THE INVESTMENT ADVISER AND ADMINISTRATOR

        W. H. Reaves & Company is the Fund's Adviser and its business address is 10 Exchange Place, Jersey City, New Jersey 07302.

        ALPS is the administrator of the Fund and its business address is 1625 Broadway, Suite 2200, Denver, Colorado 80202.

COMPLIANCE WITH THE SECURITIES EXCHANGE ACT OF 1934

        Section 16(a) of the 1934 Act and Section 30(h) of the 1940 Act, and the rules thereunder, require the Fund's officers and Trustees, officers and Directors of the Adviser, affiliated persons of the Adviser, and persons who own more than 10% of a registered class of the Fund's Shares, to file reports of ownership and changes in ownership with the SEC and the AMEX and to furnish the Fund with copies of all Section 16(a) forms they file. Based solely on the Fund's review of the copies of such forms it receives, the Fund believes that during the calendar year ended 2004, such persons complied with all such applicable filing requirements.

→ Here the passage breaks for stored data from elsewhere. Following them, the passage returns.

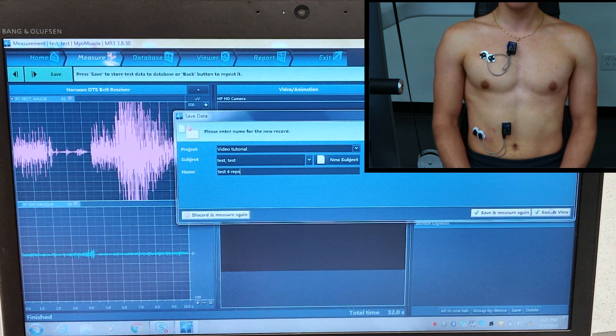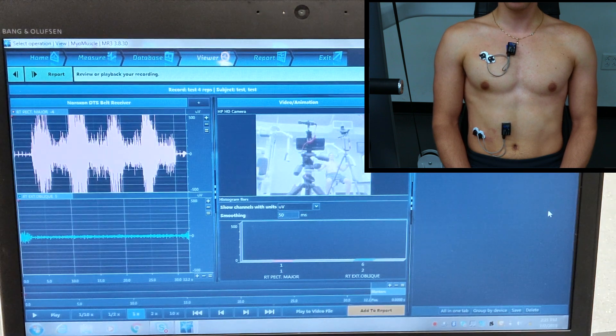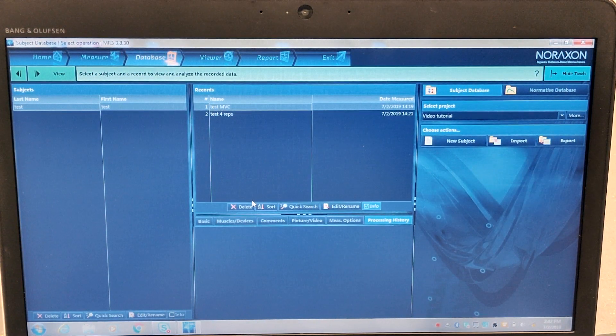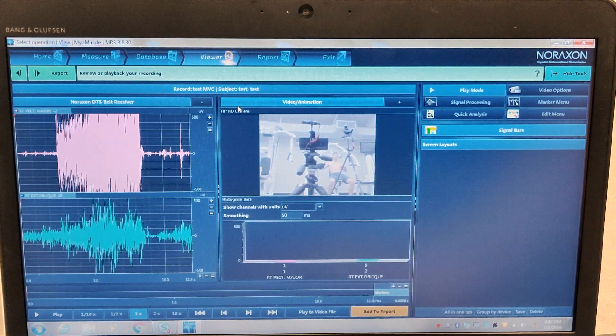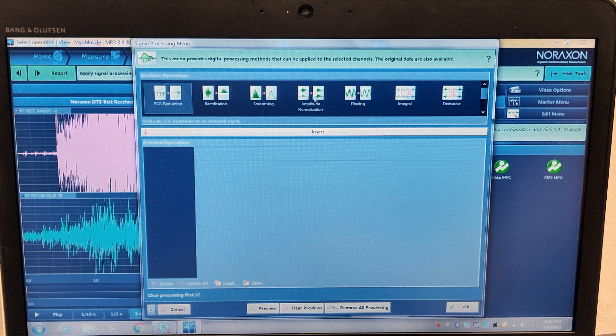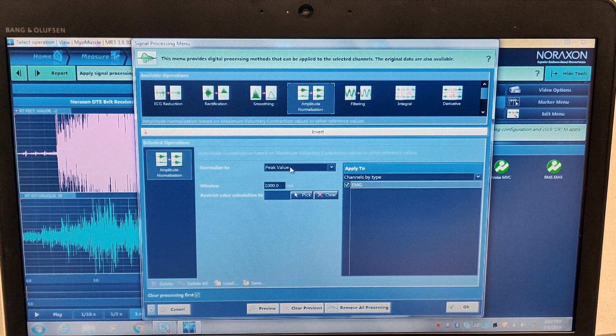We'll hit Save and View, and that brings us to the end of our data collection phase. We've finished our measurements and you're going to find yourself in Viewer. Go into Database at the top left, and from this screen we'll decide which trials were what. We know this is the MVC, but we need to tell the computer that it is the MVC. So we'll click that and hit Signal Processing over on the right, which will allow us to clean up the signal and find a peak value.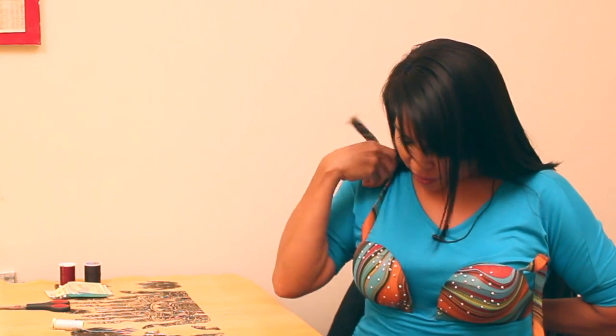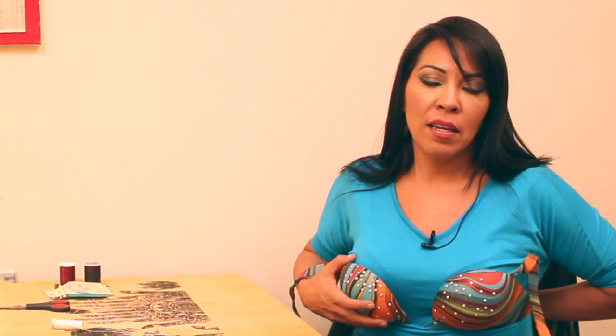Sometimes when you buy a bra and you put it on, all of this is gaping. It's hanging like this — no matter even if you put the straps up on your shoulder and around your neck, the whole bra gapes here and opens. What is happening with this gaping?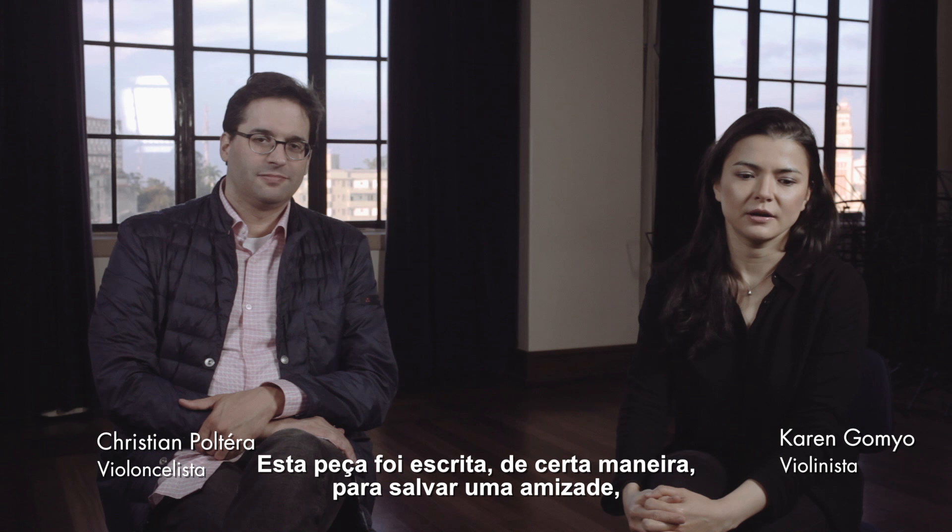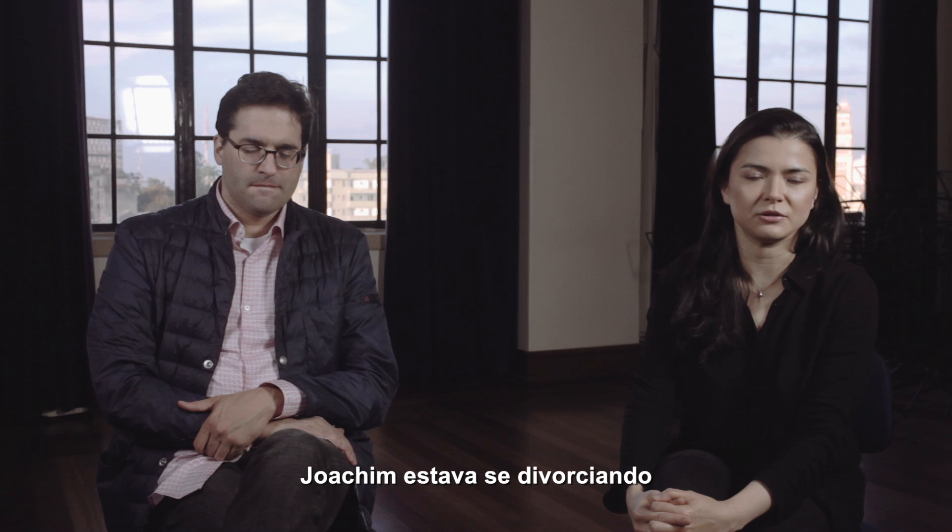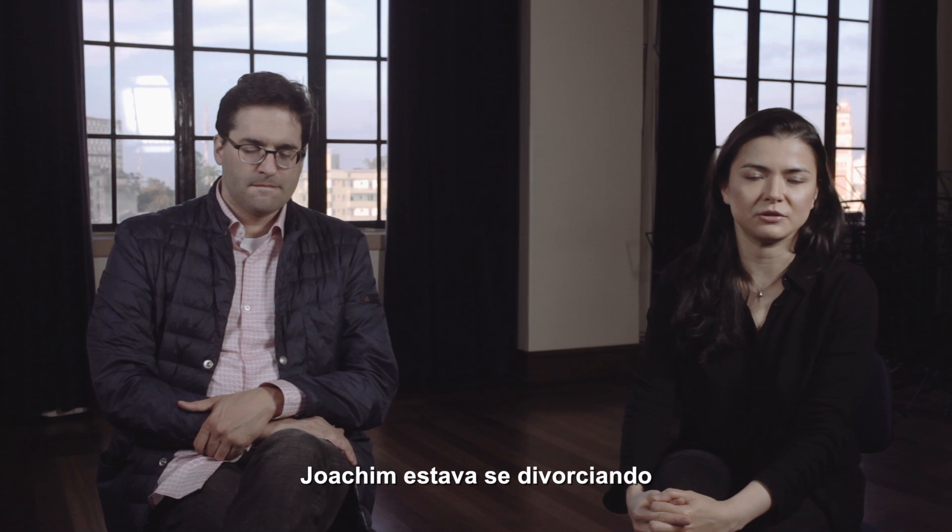This piece was written to save a friendship, as a reconciliation between two friends: Brahms and the violinist Joachim. Joachim was going through a divorce and Brahms had apparently sided with Joachim's wife rather than his friend, and so it put a wedge in their friendship.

BROKER NON-VOTES AND ABSTENTIONS

        The affirmative vote of a plurality of votes cast for each Nominee by the holders entitled to vote for a particular Nominee is necessary for the election of a Nominee. However, for the approval of the existing investment advisory agreement, an affirmative vote of a majority (as defined in the 1940 Act) of votes cast is necessary.

        For the purpose of approving the existing advisory agreement and electing Nominees, abstentions or broker non-votes will not be counted as votes cast and will have no effect on the result of the election. Abstentions or broker non-votes, however, will be considered to be present at the Meeting for purposes of determining the existence of a quorum.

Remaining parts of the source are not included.